So I have the following dataframes (simplified)
df1 = propslat prosplong type
50 45 prosp1
34 -25 prosp2
df2 = complat complong type
29 58 competitor1
68 34 competitor2
I want to do the following - run a distance calculation for each individual prospects (740k prospects in total) between that prospect and every competitor so theoretically the output would look like the following:
df3 = d_p(x)_to_c1 d_p(x)_to_c2 d_p(x)_to_c3
234.34 895.34 324.5
where every row of the output is a new prospect.

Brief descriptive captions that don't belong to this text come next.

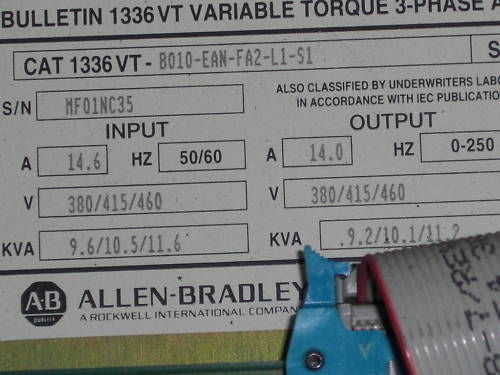 ALLEN BRADLEY 1336VT-B010-EAN-FA2-L1-S1  DRIVE  *USED*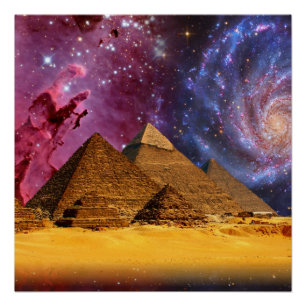 Poster tempête cosmique au-dessus de l'égypte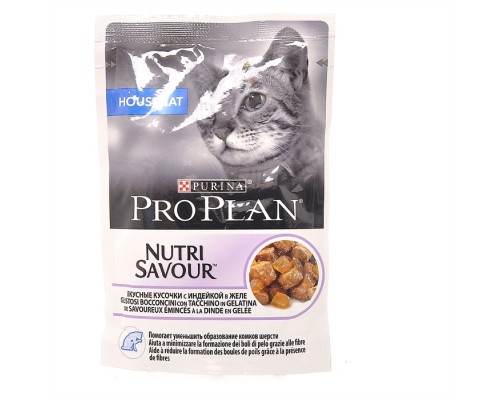 Purina Pro Plan (паучи) влажный корм Nutri Savour для взрослых кошек, живущих дома, вкусные кусочки с индейкой, в желе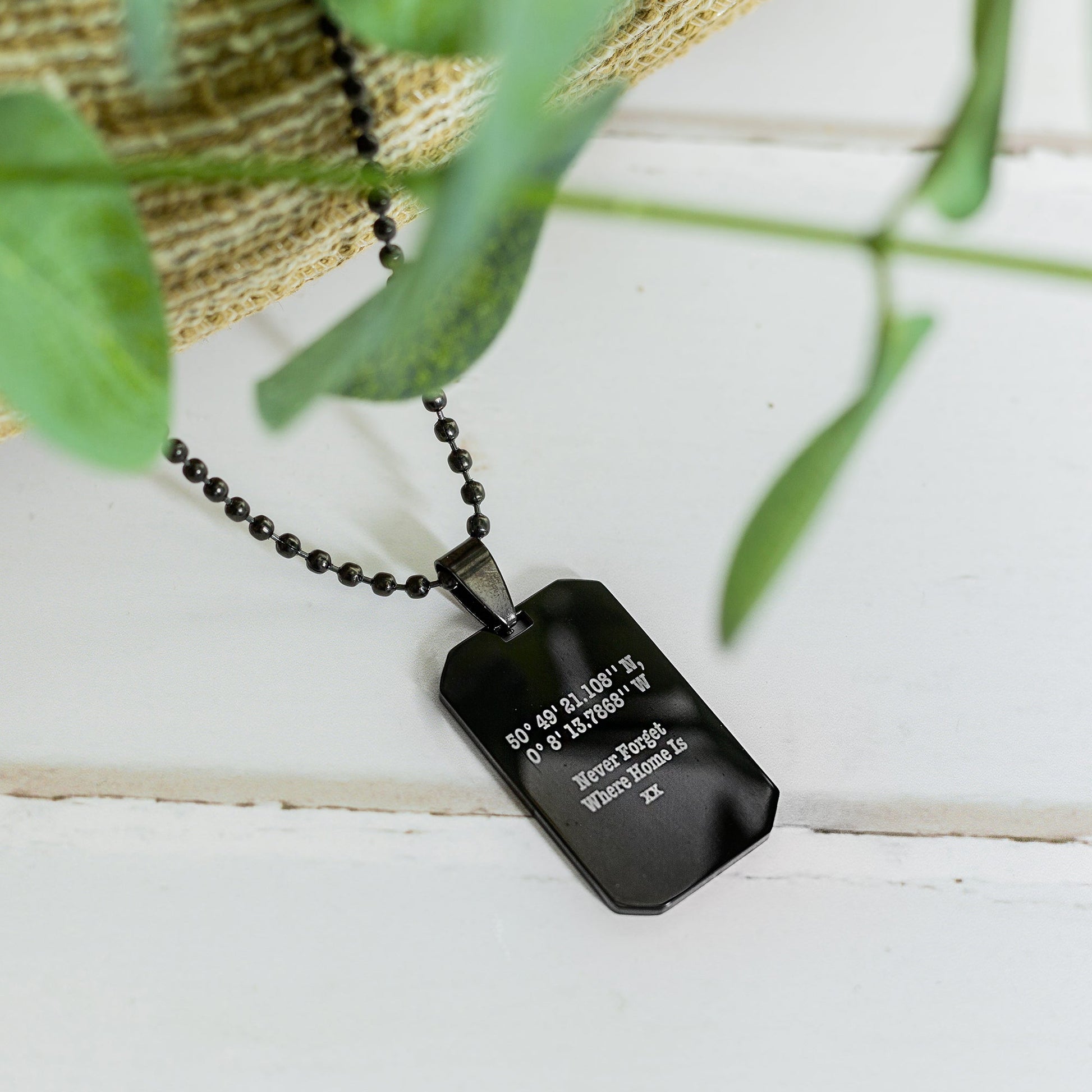 black steel dog tag saint christopher necklace off the map jewellery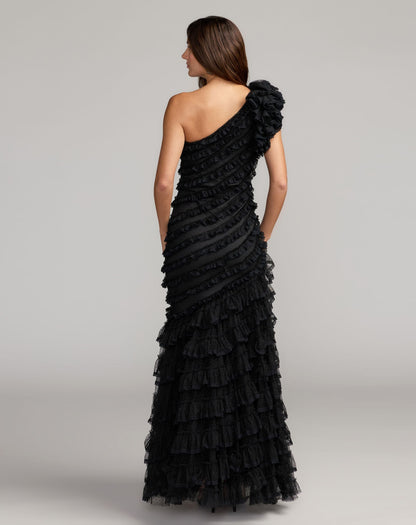 Mac Duggal Black Sleeveless One Shoulder Lace Trim Ruffle Gown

My current code is the following:
prospectsarray=[]
prosparr = []
for i, row in prospcords.iterrows():
lat1 = row['prosplat']
lon2 = row['prosplong']
coords= [lat1,lon2]
distancearr2 = []
for x, row2 in compcords.iterrows():
lat2 = row2['complat']
lon2 = row2['complong']
coords2 = [lat2,lon2]
distance = geopy.distance.distance(coords, coords2).miles
if distance > 300:
distance = 0
distancearr2.append(distance)
prosparr.append(distancearr2)
prospectsarray.extend(prosparr)
dfprosp = pd.DataFrame(prospectsarray)
While this accomplished my goal, it is horrendously slow.
I have tried the following optimization, but the output is not iterating and still I am using an iterrows which is what I was trying to avoid.
competitorlist = []
def distancecalc(df):
distance_list = []
for i in range(0, len(prospcords)):
coords2 = [prospcords.iloc[i]['prosplat'],prospcords.iloc[i]['prosplong']]
d = geopy.distance.distance(coords1,coords2).miles
print(d)
if d>300:
d=0
distance_list.append(d)
competitorlist.append(distance_list)
for x, row2 in compcords.iterrows():
lat2 = row2['complat']
lon2 = row2['complong']
coords1 = [lat2,lon2]
distancecalc(prospcords)
print(distance_list)